Title: Sample size and predictive performance of machine learning methods with survival data.
Authors: Federico Ambrogi - University of Milan (Italy)
Rosalba Miceli - Fondazione IRCCS Istituto Nazionale dei Tumori (Italy)
Gabriele Infante - University of Milan (Italy) [presenting]
Abstract: Prediction models are increasingly developed and used in diagnostic and prognostic studies, where the use of Machine learning (ML) methods is becoming more and more popular over traditional regression techniques. For survival outcomes, the Cox proportional hazards model is largely used and it has been proven to achieve good prediction performances with few strong covariates.

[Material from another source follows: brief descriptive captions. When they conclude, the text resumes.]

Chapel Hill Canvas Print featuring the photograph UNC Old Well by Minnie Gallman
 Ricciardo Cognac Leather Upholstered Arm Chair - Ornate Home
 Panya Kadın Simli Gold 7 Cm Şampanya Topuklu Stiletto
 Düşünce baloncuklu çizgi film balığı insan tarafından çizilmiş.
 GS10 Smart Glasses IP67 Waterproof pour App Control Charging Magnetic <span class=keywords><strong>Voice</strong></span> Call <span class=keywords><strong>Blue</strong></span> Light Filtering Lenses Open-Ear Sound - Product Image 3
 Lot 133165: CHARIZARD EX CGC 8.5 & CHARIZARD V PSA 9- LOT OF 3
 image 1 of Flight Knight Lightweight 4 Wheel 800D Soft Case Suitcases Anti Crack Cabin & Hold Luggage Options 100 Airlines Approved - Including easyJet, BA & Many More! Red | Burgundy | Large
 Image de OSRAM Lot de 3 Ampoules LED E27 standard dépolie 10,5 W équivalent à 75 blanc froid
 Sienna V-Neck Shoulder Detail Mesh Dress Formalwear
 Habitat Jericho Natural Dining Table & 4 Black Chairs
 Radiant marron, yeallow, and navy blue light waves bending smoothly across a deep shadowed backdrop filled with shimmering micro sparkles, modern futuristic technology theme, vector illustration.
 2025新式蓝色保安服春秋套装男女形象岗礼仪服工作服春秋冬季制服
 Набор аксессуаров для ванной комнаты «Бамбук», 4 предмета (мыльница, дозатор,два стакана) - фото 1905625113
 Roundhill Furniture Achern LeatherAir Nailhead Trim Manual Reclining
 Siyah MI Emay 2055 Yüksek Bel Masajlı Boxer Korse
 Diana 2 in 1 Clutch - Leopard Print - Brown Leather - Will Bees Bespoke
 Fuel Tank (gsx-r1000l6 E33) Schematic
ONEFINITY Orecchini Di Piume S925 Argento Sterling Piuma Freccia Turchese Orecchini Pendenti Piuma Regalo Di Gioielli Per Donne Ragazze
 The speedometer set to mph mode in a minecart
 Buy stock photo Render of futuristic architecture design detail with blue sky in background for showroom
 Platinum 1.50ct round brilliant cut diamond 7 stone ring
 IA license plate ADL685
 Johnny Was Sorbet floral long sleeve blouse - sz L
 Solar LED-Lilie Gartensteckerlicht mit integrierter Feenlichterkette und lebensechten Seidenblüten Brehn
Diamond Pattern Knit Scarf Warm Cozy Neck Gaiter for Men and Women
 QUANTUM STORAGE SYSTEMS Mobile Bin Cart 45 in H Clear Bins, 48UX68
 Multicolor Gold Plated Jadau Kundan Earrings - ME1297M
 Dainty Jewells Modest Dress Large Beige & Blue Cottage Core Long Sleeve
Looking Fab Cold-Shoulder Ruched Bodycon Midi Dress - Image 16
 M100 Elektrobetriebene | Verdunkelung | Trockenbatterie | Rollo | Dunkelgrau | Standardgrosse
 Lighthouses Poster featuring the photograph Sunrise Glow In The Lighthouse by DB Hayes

The possibility to improve the model performance by including non-linearities, covariate interactions and time-varying effects while controlling for overfitting must be carefully considered during the model building phase. On the other hand, ML techniques are able to learn complexities from data at the cost of hyper-parameter tuning and interpretability. One aspect of special interest is the sample size needed for developing a survival prediction model. While there is guidance when using traditional statistical models, the same does not apply when using ML techniques. A time-to-event simulation framework is developed to evaluate the performance of the Cox regression compared, among others, to tuned Random Survival Forest, Gradient Boosting and Neural Networks at varying sample sizes. We used simulations based on replications of subjects from publicly available databases, where event times were simulated according to a Cox model with non-linearities on continuous variables and time-varying effects. The SEER registry data were used for comparison with real-world data.